ASSIGNMENT :: Would you restate each line of the data below word for word, without its pictures?

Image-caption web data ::
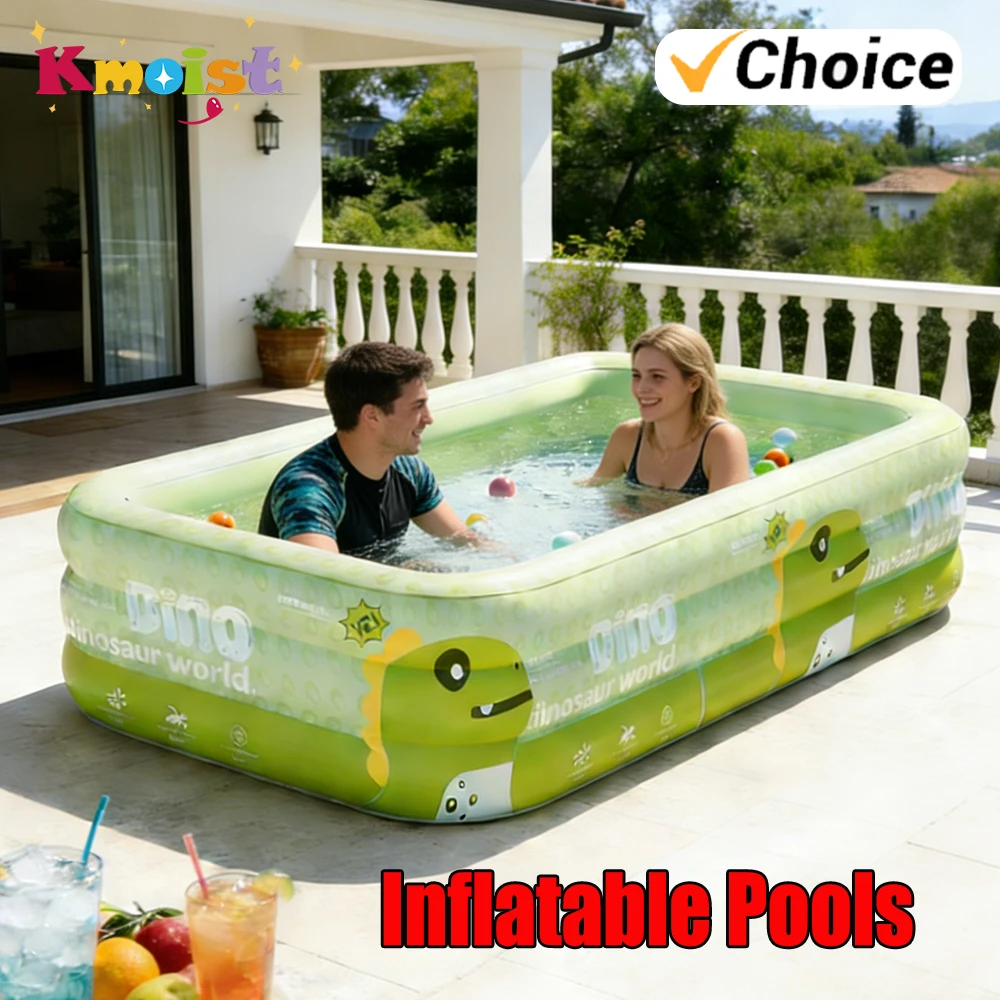 Grote piscina hinchable plegable con estructura extraíble interior - imagen 2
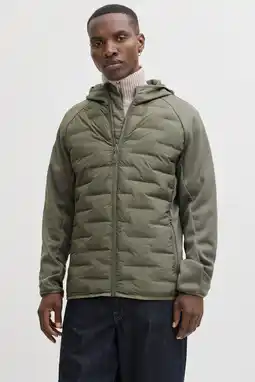 Wehkamp JACK & JONES ESSENTIALS gewatteerde jas olijfgroen aanbieding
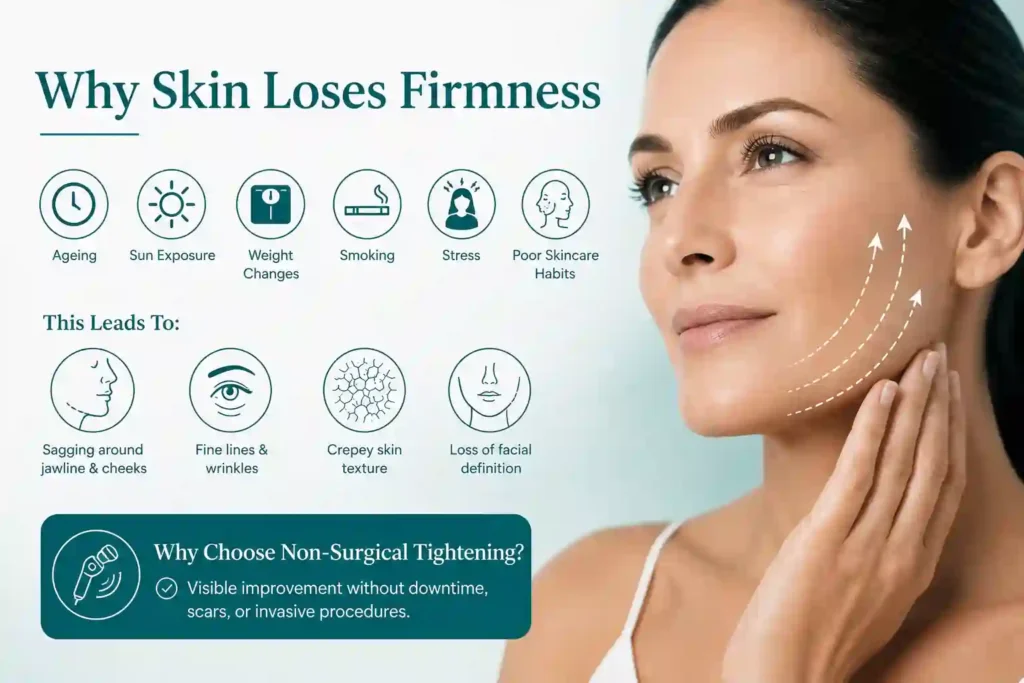 What Makes Skin Lose Firmness and Why Do People Seek Non-Surgical Tightening Salisbury?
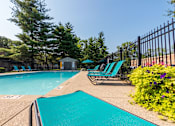 Thumbnail 23 of 29 - This is a photo of the pool area at Red Bank Reserve in Cincinnati, Ohio.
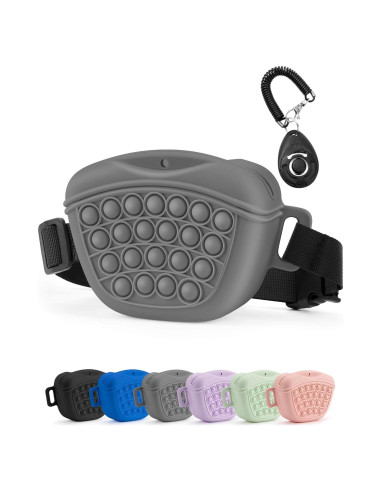 Bolsa de golosinas para perros Gobeigo con clicker 1.67 tazas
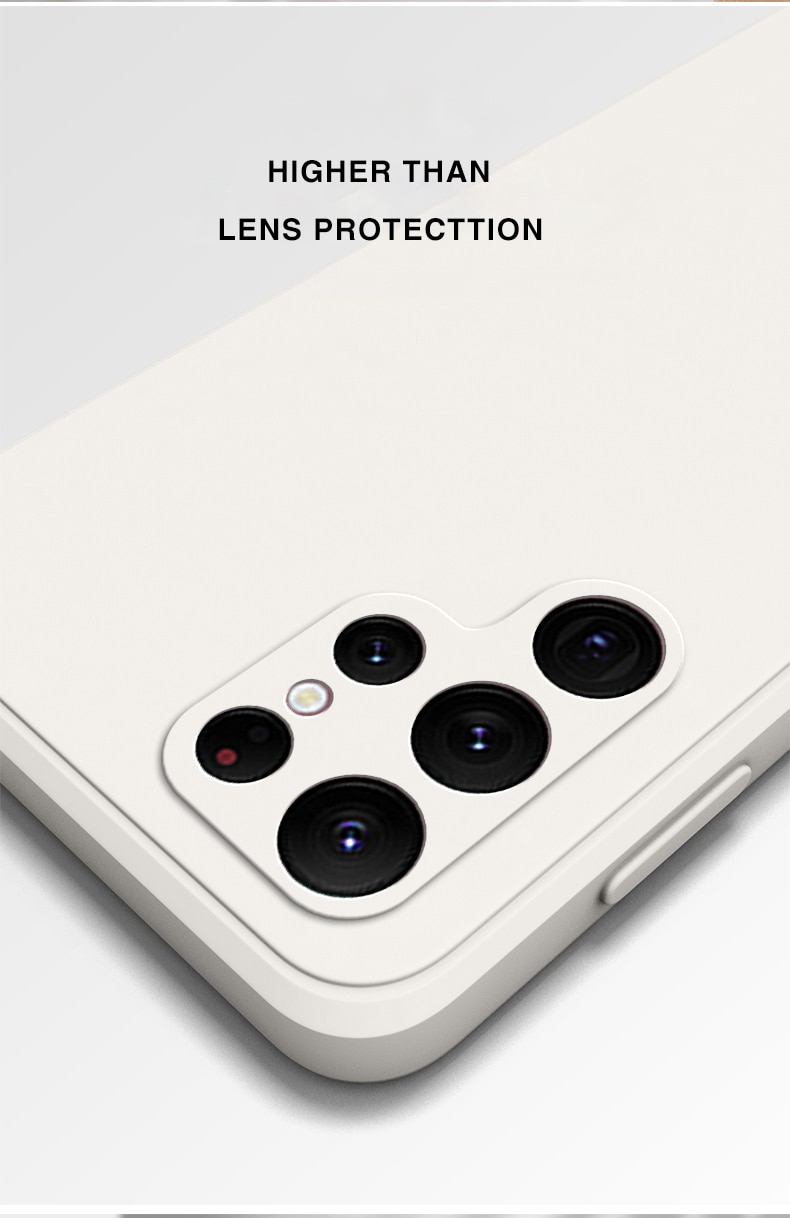 Liquid Silicone Soft Case For Samsung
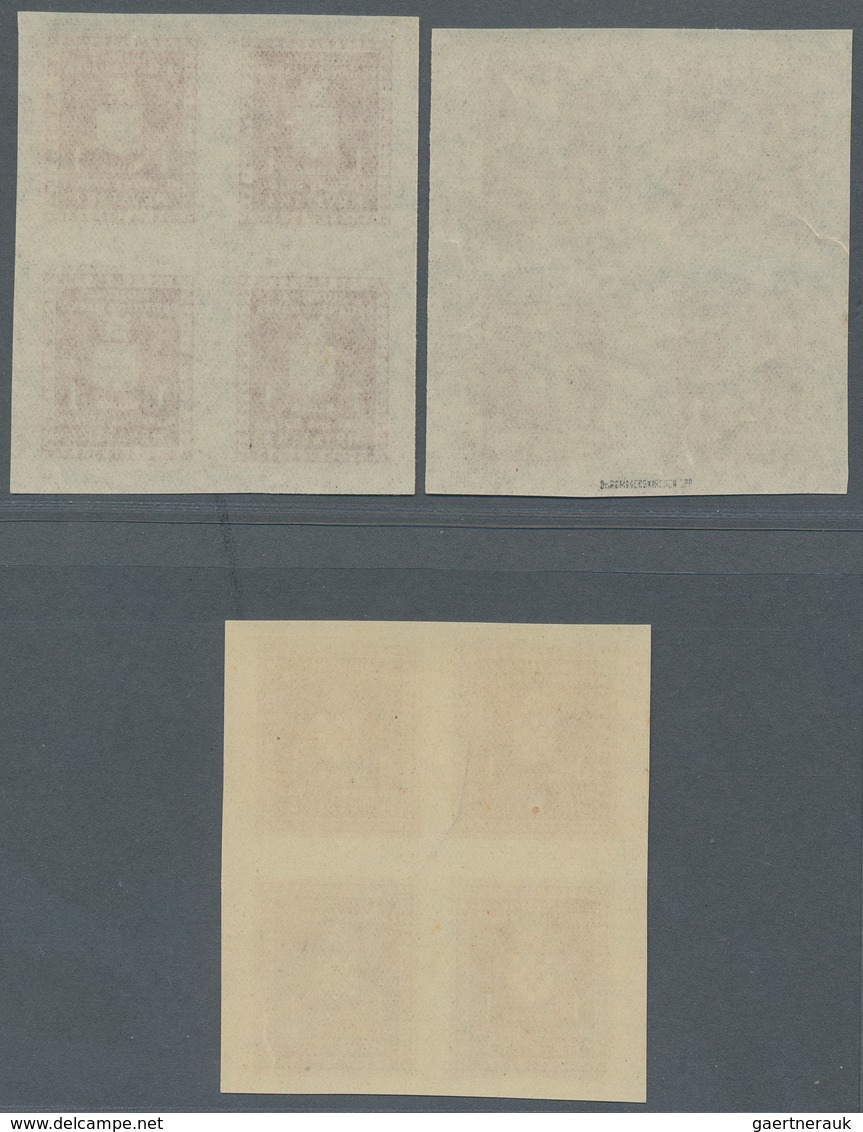 Kroatien - Dienstmarken: 1942. Officials. 1 K Pale Brown Red, Imperforated, Pelure Paper, Showing BA - Kroatië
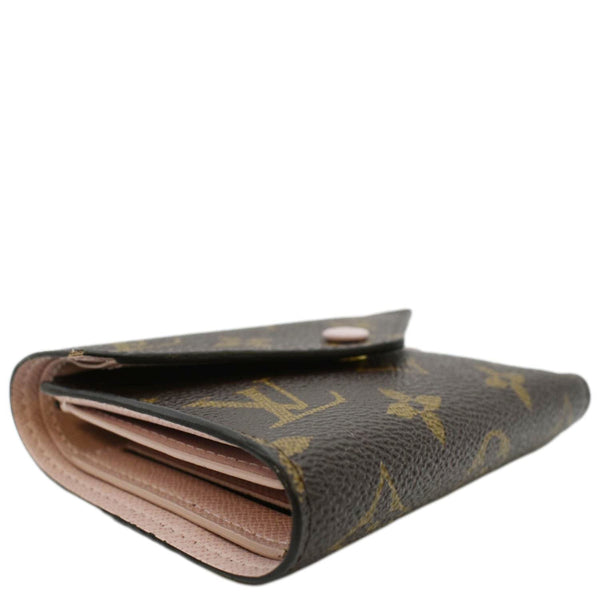 LOUIS VUITTON Victorine Monogram Canvas Wallet Rose Ballerine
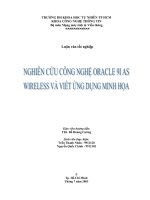 Nghiên cứu công nghệ Oracle 9IAS wireless và viết ứng dụng minh họa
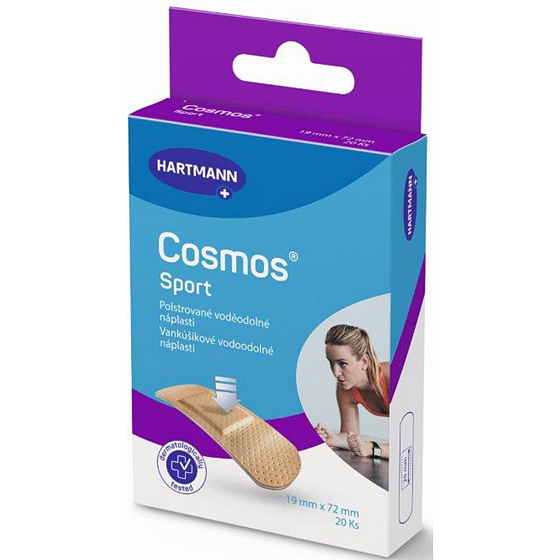 Cosmos Sport gepolstert wasserdicht Patch 19 x 72 mm 20 Stück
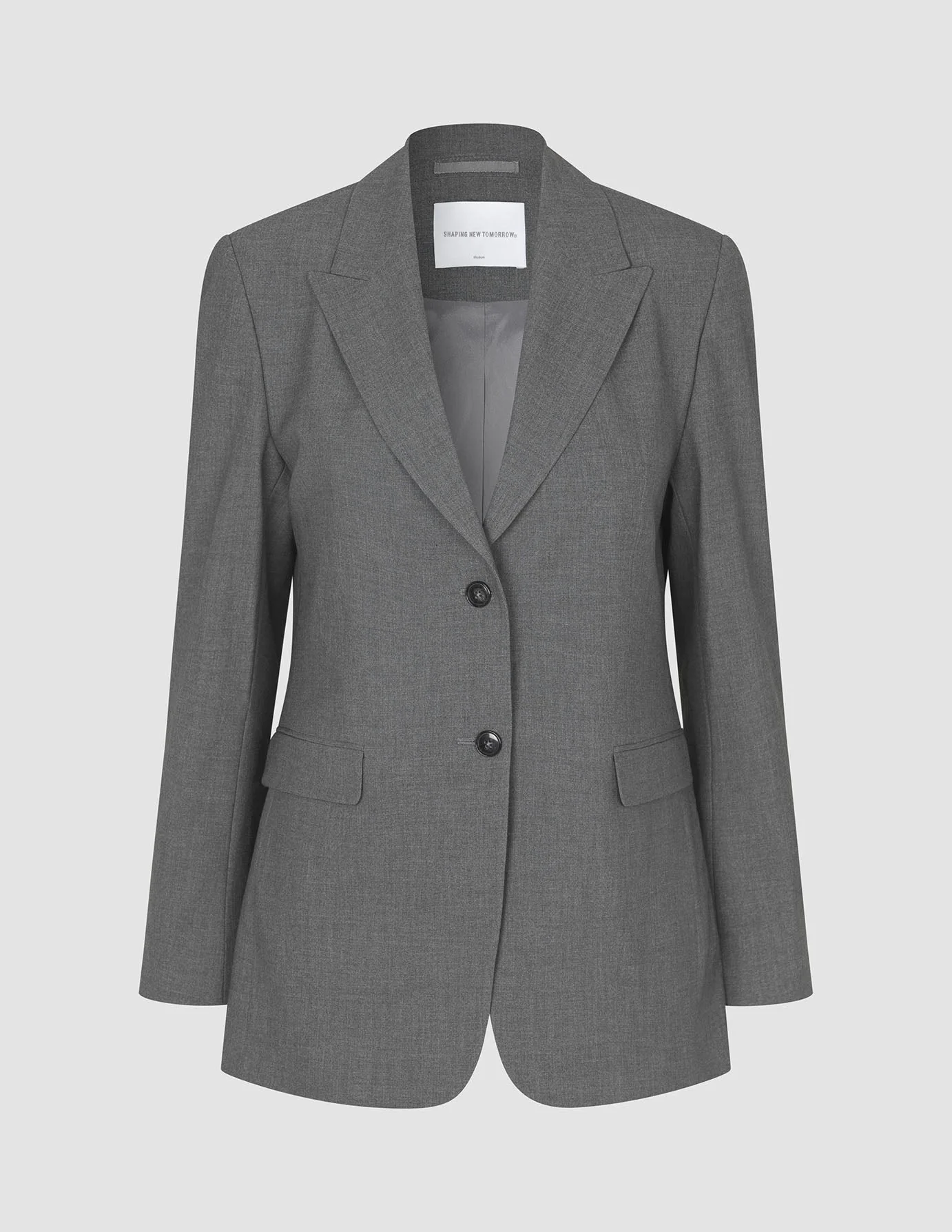 Essential Blazer Dark Grey Melange - Image 3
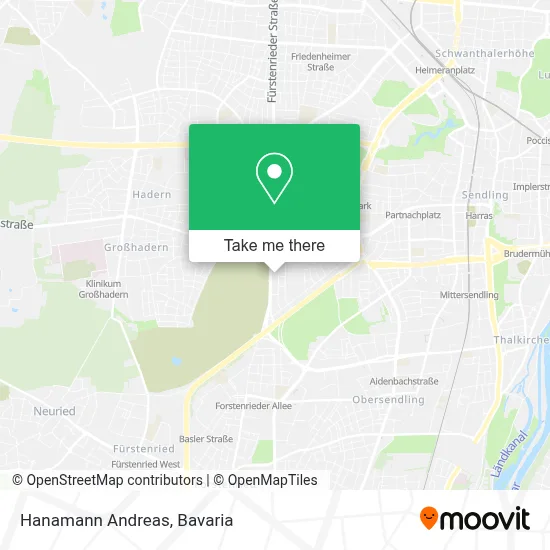 Hanamann Andreas map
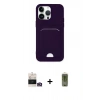 MARSİLYAN™- iPhone 14 Pro Max Kılıf Vadi Çizgi Prime - Siyah Joko Magic 5D Hayalet Cam + Bilvis Titan Kamera Lens - GD
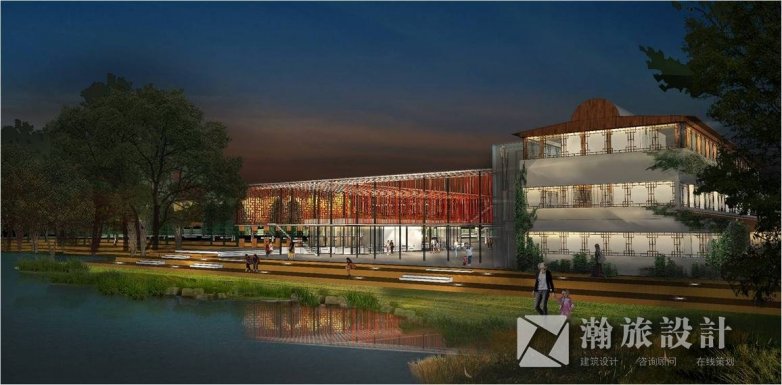 香蜜公园—公园管理服务中心(施工图)--综合建筑-瀚旅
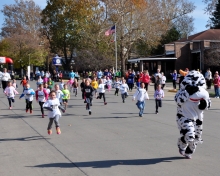 There is no kid's run this year, but all ages are encouraged to participate in the 5K. 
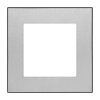 Ramka 1-krotna Simon 55 Aluminium z czarną podstawą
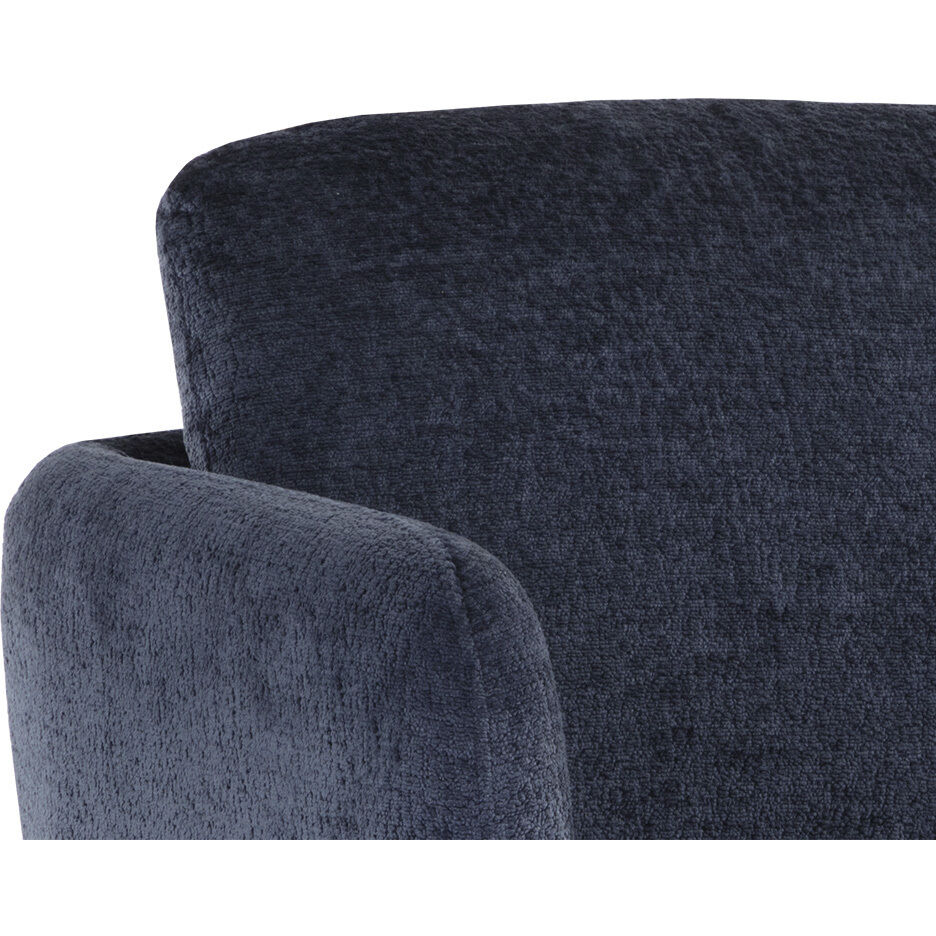 Gilley Bergen Navy Swivel Lounge Chair, Swivel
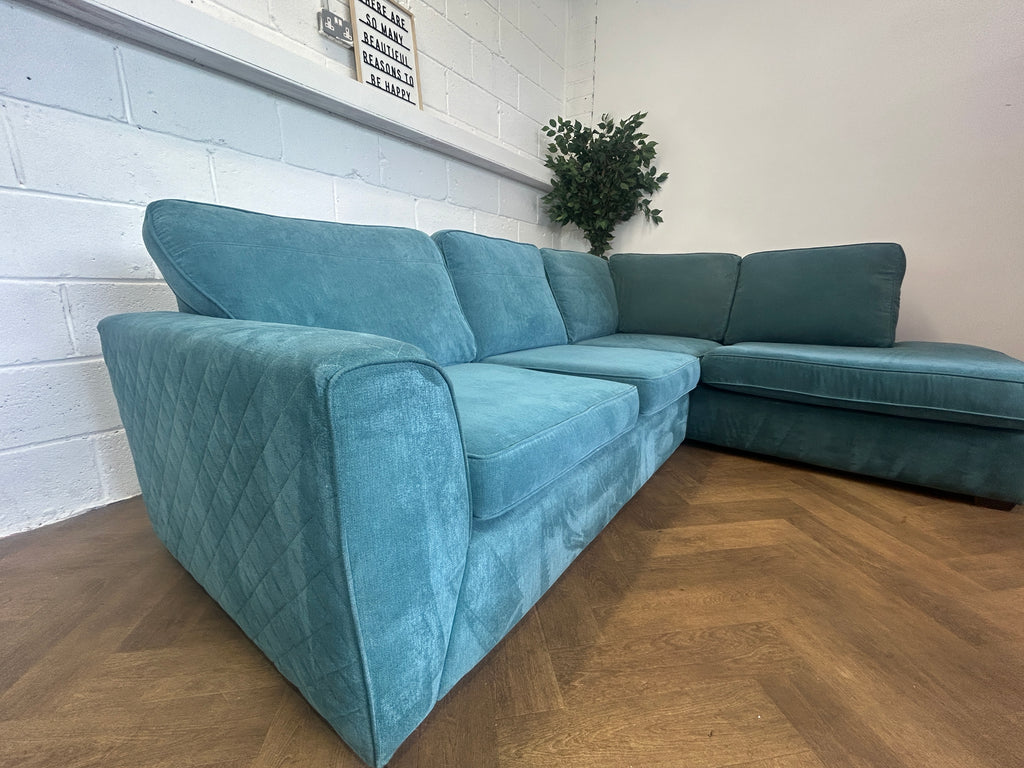 Teal DFS Orka, Right Hand Facing Chaise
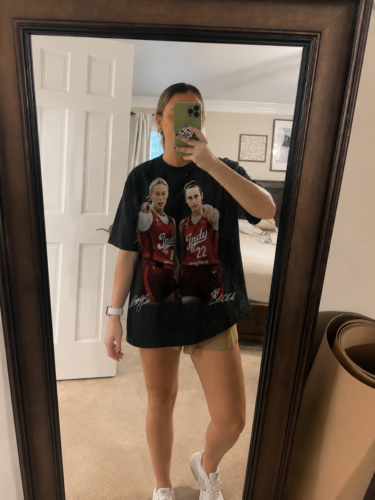 Sophie Cunnningham & Caitlin Clark Shirt #H photo review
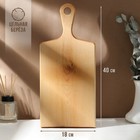 Доска разделочная с ручкой Adelica, 40×19×2.2 см, покрыта маслом, цельная берёза - Фото 1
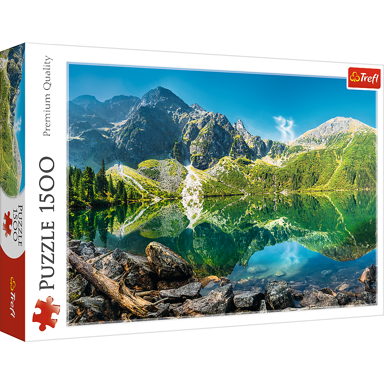 TREFL Puzzle Jezero Morskie Oko, Tatre, Poljska, 1500 dijelova, 85x58 cm
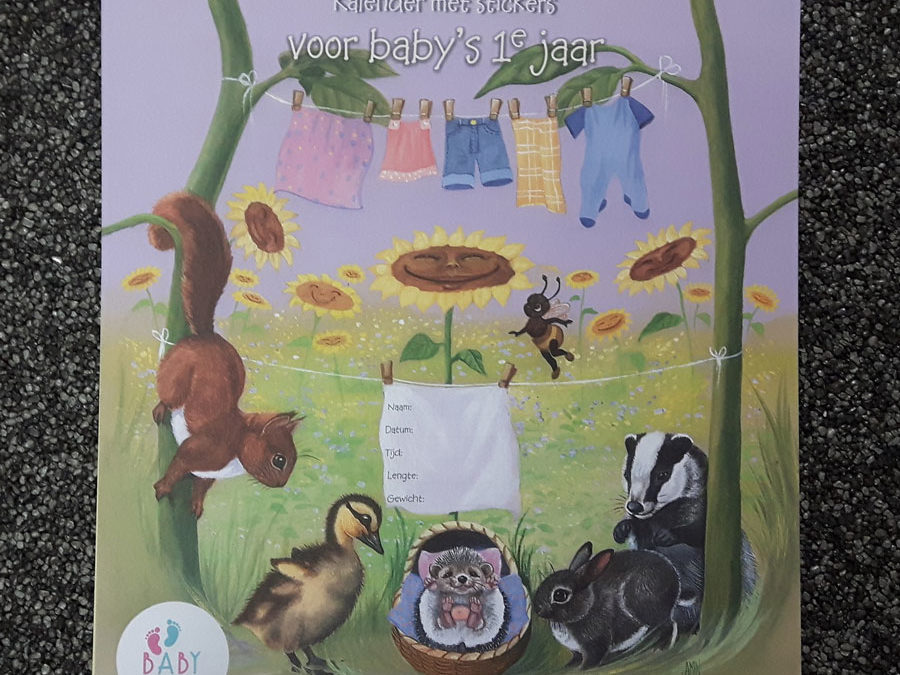 Kalender voor baby’s 1ste jaar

EXERCISE OUTPUT ::
 Grote piscina hinchable plegable con estructura extraíble interior - imagen 2
 Wehkamp JACK & JONES ESSENTIALS gewatteerde jas olijfgroen aanbieding
 What Makes Skin Lose Firmness and Why Do People Seek Non-Surgical Tightening Salisbury?
 Thumbnail 23 of 29 - This is a photo of the pool area at Red Bank Reserve in Cincinnati, Ohio.
 Bolsa de golosinas para perros Gobeigo con clicker 1.67 tazas
 Liquid Silicone Soft Case For Samsung
 Kroatien - Dienstmarken: 1942. Officials. 1 K Pale Brown Red, Imperforated, Pelure Paper, Showing BA - Kroatië
 LOUIS VUITTON Victorine Monogram Canvas Wallet Rose Ballerine
 Nghiên cứu công nghệ Oracle 9IAS wireless và viết ứng dụng minh họa
 Cosmos Sport gepolstert wasserdicht Patch 19 x 72 mm 20 Stück
 Essential Blazer Dark Grey Melange - Image 3
 Hanamann Andreas map
 MARSİLYAN™- iPhone 14 Pro Max Kılıf Vadi Çizgi Prime - Siyah Joko Magic 5D Hayalet Cam + Bilvis Titan Kamera Lens - GD
 香蜜公园—公园管理服务中心(施工图)--综合建筑-瀚旅
 There is no kid's run this year, but all ages are encouraged to participate in the 5K. 
 Ramka 1-krotna Simon 55 Aluminium z czarną podstawą
 Gilley Bergen Navy Swivel Lounge Chair, Swivel
 Teal DFS Orka, Right Hand Facing Chaise
 Sophie Cunnningham & Caitlin Clark Shirt #H photo review
 Доска разделочная с ручкой Adelica, 40×19×2.2 см, покрыта маслом, цельная берёза - Фото 1
 TREFL Puzzle Jezero Morskie Oko, Tatre, Poljska, 1500 dijelova, 85x58 cm
 Kalender voor baby’s 1ste jaar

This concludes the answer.